Now we'll evaluate the new model on the training set as well:

# Run this cell without changes

# Fit the model to the training data, using a subset of the
# training data as validation data
reg_model_results = model_with_regularization.fit(
    x=X_train,
    y=y_train,
    batch_size=None,
    epochs=20,
    verbose=0,
    validation_split=0.4,
    shuffle=False
)

plot_loss_and_accuracy(reg_model_results)

(Whether or not your regularization made a difference will partially depend on how strong of regularization you applied, as well as some random elements of your current TensorFlow configuration.)
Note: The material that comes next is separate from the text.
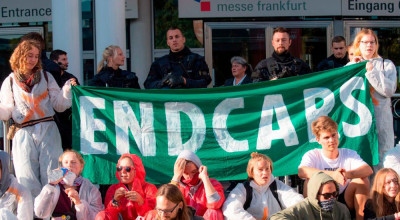 Greenpeace și Friends of the Earth protestează la Salonul Auto de la Frankfurt: 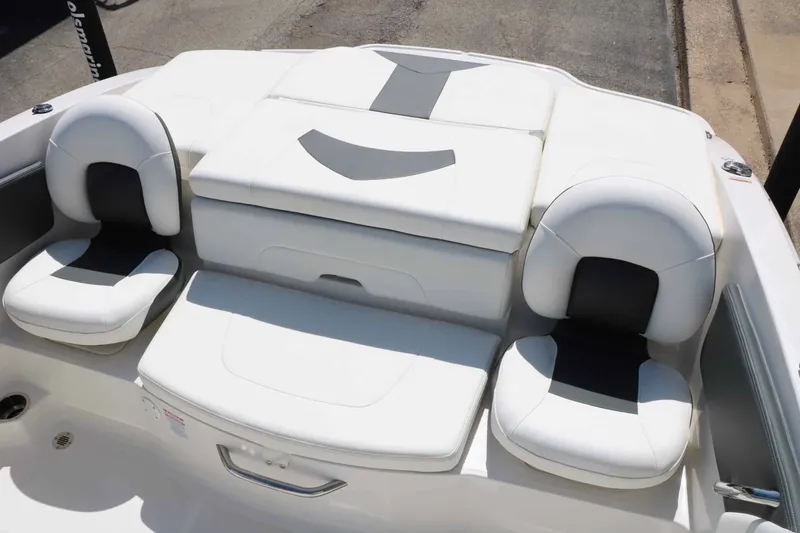 Slide: The Image of Chaparral 21 SSi Ski/Fish 2025 - 37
Now we evaluate both models on the holdout set:

# Run this cell without changes

final_dense_model_results = dense_model.fit(
    x=X_train,
    y=y_train,
    batch_size=None,
    epochs=20,
    verbose=0,
    validation_data=(X_test, y_test),
    shuffle=False
)

plot_loss_and_accuracy(final_dense_model_results, final=True)

Plot the loss and accuracy your final regularized model.

# Replace None, as necessary

final_reg_model_results = model_with_regularization.fit(
    x=None,
    y=None,
    batch_size=None,
    epochs=None,
    verbose=None,
    validation_data=(None, None),
    shuffle=None
)

plot_loss_and_accuracy(final_reg_model_results, final=True)